My idea of heaven is to play golf on the West Coast of Ireland in mid-summer. Except the last time I tried it, I was battered by 30mph winds and horizontal rain that stung my face like miniature darts thrown by particularly malevolent fairies and I could barely grip the club because my hands were so cold. I had no idea where I was supposed to hit the ball as I was standing in a hollow between huge mounds of grass and I could feel a trickle of chilled rain making its way down the back of my neck.
And no matter what claims the makers of rainsuits may make on behalf of their products, none will keep you dry through 18 holes of hissing precipitation.
I looked at my caddy, a skeletally thin man whose face showed the ravages of every one of his 61 years - very few of which had been devoted to quiet, spiritual contemplation, I guessed - and he grinned.
'Ah yes Sir,' he said. 'It will take three very good shots to get up to the green in two today.'
I can rarely remember being so happy.
Playing golf in Ireland is like that. You may not have tropical weather, palm trees waving gently in a mild offshore breeze, and be obliged to carry an extra towel to wipe off the perspiration but by heaven it has plentiful compensations, the main one being the magnificence of the courses over which you play. And there are the Irish themselves who, like my caddy, make apparently daft remarks but ponder for a few moments and you realise they contain an inherent, flawless logic.
A few days earlier myself and a friend had been driving to Ballybunion, the magnificent links course or, in the eyes of many a golf nut, the cathedral of the game to which we like to make pilgrimage, and we stopped at the side of the road to ask directions.
'Ballybunion you say?' enquired the man we asked. 'Well now, if I was going to Ballybunion I wouldn't be starting from here.'
I told this story some time ago to a fellow travel writer and he said he once sought directions to Roscommon and was asked in reply: 'Are you sure you wouldn't rather go to Athlone?
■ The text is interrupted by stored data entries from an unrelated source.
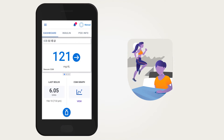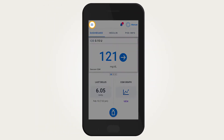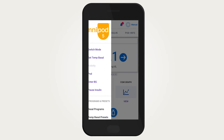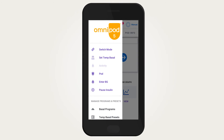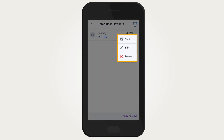To create or edit a temp basal preset, tap the menu button. Once the menu expands, tap Temp Basal Presets. You will then see any previously saved temp basal presets. With those saved, you can tap on the Options icon to start, edit, or delete.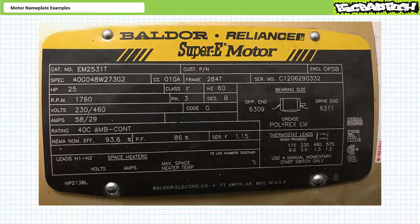It looks like this motor was manufactured by Baldor. The model number appears to be this string shown here — I expect this means something to the right people at Baldor. Lastly, the serial number is this string shown here. Manufacturer, model, and serial number information are important entries when ordering parts, downloading data sheets, or conducting warranty repair or replacement.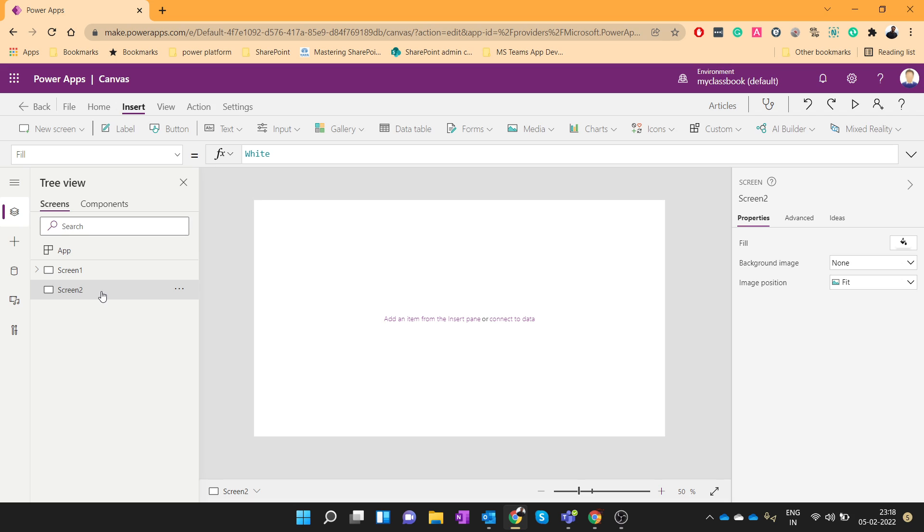Hello everyone, my name is Mayuresh Joshi from office365nodes.com. In previous two videos we have seen how we can call a Power Automate from PowerApps and how we can pass the parameters to Power Automate from PowerApps. In this video we will see how we can return the data from Power Automate to PowerApps.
'You see, I know the way to Athlone.'
I was reminded of those words, several times, by my caddy, Mac (the only name he would offer), as we plotted our sodden route through the daunting topography of yet another magnificent Irish links. Where Scotland has mounds and hollows and undulations, Ireland has mountains, valleys and rollercoasters, or at least that's the way it seems. It's like links golf on steroids.
And where Scottish caddies, in my limited experience, have a dry, slightly gruff sense of humour, in which they seem to take pride in not allowing the smallest of twitches to cross their lips, Mac was almost the caricature of a twinkly-eyed, smiling grandfather who has been there, done that and quite possibly nicked the T-shirt (or at the very least, charmed someone into giving it to him).
Throughout our round - and I most emphatically think of it as 'ours' rather than 'mine' - he interjected all manner of advice, observations and information - such as when we reached the 13th green and he informed me that my putt was 'slightly straight.'
And yet his easy style disguised a great deal of knowledge. After two holes he had my swing completely sussed and knew exactly which club to suggest. After two more I trusted his judgement so completely that I stopped asking for the yardage to the flagstick and simply held out my hand. If I subsequently hit a proper shot, the club he'd handed me was always the right one.
And then, after a couple of bad holes, he asked me if I breathed in or out during my backswing. I had no idea of course, but then proceeded to hit a succession of good shots and came to appreciate just how good a caddy Mac is. He knows that most golfers have far too many thoughts going on, so he gave me just one idea to think about, freeing my body to hit the kind of shot of which I am (occasionally) capable.
When I twigged what he'd done I asked him about it but he just smiled and said: 'You just have to let the golfer inside you come out, Sir.'
It's the best advice I have ever been given.